Queste modifiche, che d'ora in avanti compariranno nella Legge di Istruttoria Criminale, non comporteranno la fine della tortura nei confronti dei detenuti, e questo non solo perché non ci troviamo esclusivamente dinanzi ad un problema di contenuto delle norme giuridiche bensì dinanzi ad un problema politico, in cui si utilizza la tortura come strumento di azione politica, ma anche per le seguenti ragioni (tra le altre):

a) i tre assi portanti della tortura (isolamento, proroga del fermo e Audiencia Nacional) vengono mantenuti. In questo modo, la revisione "a posteriori", da parte del giudice, dell'isolamento deciso dalla polizia si trasformerà in un mero meccanismo burocratico di legittimazione, da parte del giudice, della decisione del Ministero degli Interni; la riduzione del periodo di fermo si è già mostrata inefficace per combattere la tortura nell'ultimo anno e mezzo, in cui il tempo medio di permanenza in commissariati e caserme è stato inferiore ai cinque giorni; persiste la mancanza di controllo e di supervisione da parte del giudice durante il fermo, dato che in materia resta competente l'Audiencia Nacional (con decisione del Tribunale Costituzionale).

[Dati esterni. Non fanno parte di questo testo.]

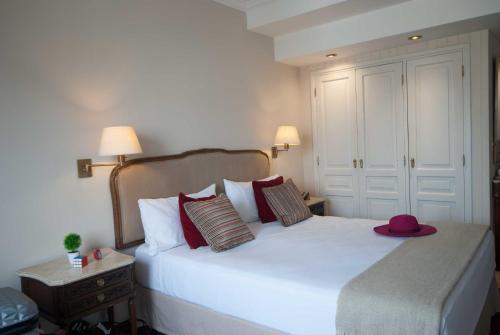 a bedroom with a white bed with a hat on it at Ramada by Wyndham Buenos Aires Centro in Buenos Aires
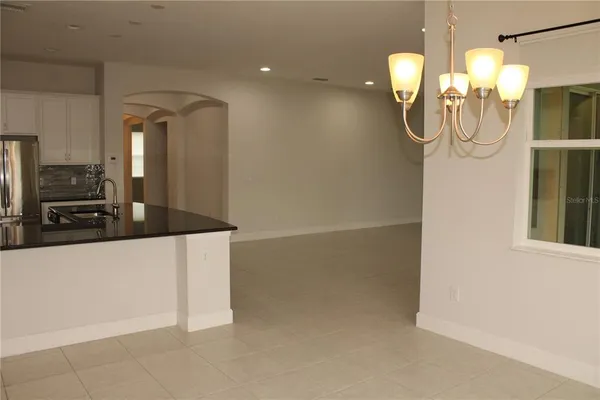 a bathroom with mirror sink and vanity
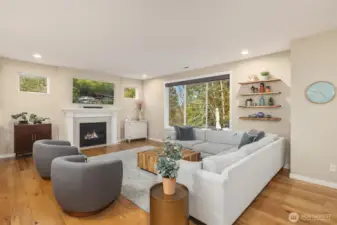 The gas fireplace anchors the living and dining spaces while well-placed windows maximize the greenbelt views.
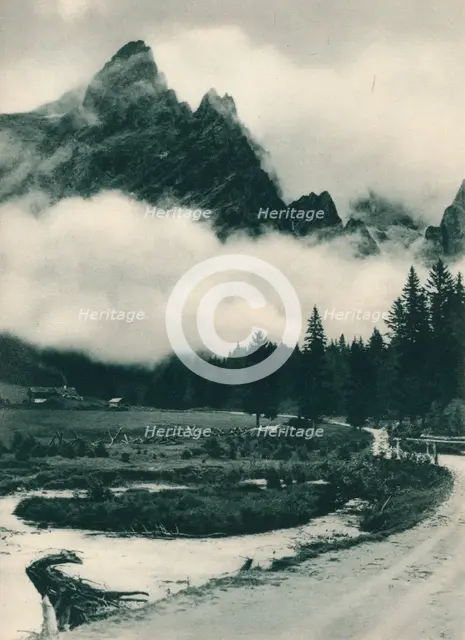 Pala Group in clouds, San Martino di Castrozza, Dolomites, Italy, 1927. Artist: Eugen Poppel.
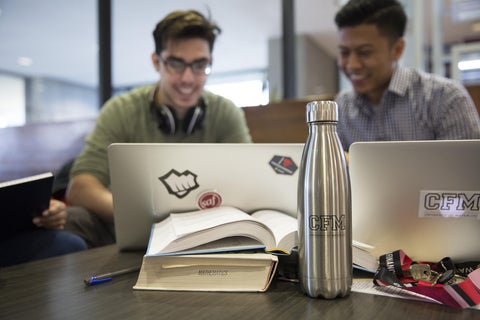 Two students working on laptops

Inoltre, permane in vigore la norma che impone l'avvocato d'ufficio al detenuto in isolamento, norma che è stata dichiarata anch'essa costituzionale;

b) l'evoluzione delle tecniche di tortura e il loro carattere scientifico e pianificato fa sì che la tortura non si manifesti in forma di violenze che lasciano traccia, ma che si utilizzino metodi (vasca, elettrodi, sacco, ecc.) che, non lasciando segni, provochino il massimo terrore in chi le subisce; vengono scelte quelle zone del corpo umano in cui il rapporto dolore-lesione esterna cresce in misura inversamente proporzionale;

c) contro ogni razionalità democratica, i procedimenti penali per tortura che stanno portando in tribunale membri delle forze di polizia, anziché evitare il ripetersi di fatti simili a quelli sottoposti a procedimento, sono serviti ad impedire o per lo meno ad ostacolare l'eventualità che in futuro tali fatti possano essere sottoposti a giudizio dai tribunali, evidenziando così l'impotenza del diritto di fronte alla logica delle leggi eccezionali.

In definitiva, si può affermare che forse in questa nuova situazione il cosiddetto "caso Arregi" (4) non si sarebbe verificato, poiché la permanenza di dieci giorni in commissariato fu allora l'elemento determinante in base al quale le torture protrattesi per un così lungo periodo di tempo causarono l'esito mortale; bisogna però anche dire che si finisce col dichiarare costituzionale la figura giuridica del fermo che ha reso possibile la morte di Mikel Zabalza. Per questa ragione, la tortura sarà presente anche in questa terza fase, con uguale o maggiore impunità per chi la esegue e con l'aggravante che la legislazione che le fa da supporto riceve appoggio e riconoscimento a livello europeo.

Iñigo Iruin (avvocato)
(articolo tratto da Egin del 21.3.1988)

Note del traduttore

(1) Unione del Centro Democratico, partito borghese erede del franchismo.

(2) Il piano ZEN (Zona Especiale Norte, Zona Speciale del Nord) è un insieme di misure di ordine politico, sociale, giuridico e poliziesco finalizzate alla repressione e alla liquidazione del movimento rivoluzionario in Euskadi.

(3) Primo ministro in Spagna dal 1974 al 1976.

(4) Joseba Arregi, militante di ETA, morto nel 1981 nell'Ospedale Penitenziario di Carabanchel, col corpo fatto a pezzi per le torture dopo essere uscito dalla Direciòn de Seguridad dello Stato.